Represents a keen, personal look at the difficulties of growing up gay in a heterosexual world.
In portraying romance, the film transcends its homosexual themes, while at the same time celebrating them.
Reminds me of some of Jonathan Demme's early movies, where ordinary people are celebrated for their eccentricities but not condescended to.
Audience Reviews for Beautiful Thing
I'm going to hold off on providing a higher rating for this film which probably deserves it solely for the touching nature of the two leads and how they interact with one another. What loses the film points is unlikelihood of the eventual acceptance of the couple and a plodding side story that adds nothing to the central picture other than minutes.
Touching film with quite capable actors. As an American, however, I must say that it was often difficult to follow the dialogue due to the thick accents and use of unfamiliar British slang. Despite this difficulty, I would recommend this movie highly to an American looking for a well-done, meaningful LGBT film.

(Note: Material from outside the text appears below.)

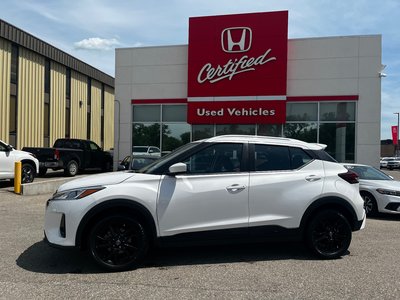 2022 Nissan Kicks in Regina, Saskatchewan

It's a sweet coming of age tale. Set in 1995 it was great to see in the background some Batman Forever candy holders. I used to have these and they were coooool. Anyway the film deals with its subject splendidly and avoids cliche, however as a byproduct of this it also seems to avoid any real conflict. Though it is good to see a guy bullied who isn't bothered by it. Ben Daniels is brilliant as the caring but clueless Tony but the real stand out is Tameka Empson as the Mama Cass obsessed youth. She lights up the screen and steals every moment she's in. A nice script that fashions its scenarios via realistic set-ups although the end dance is a BIT much.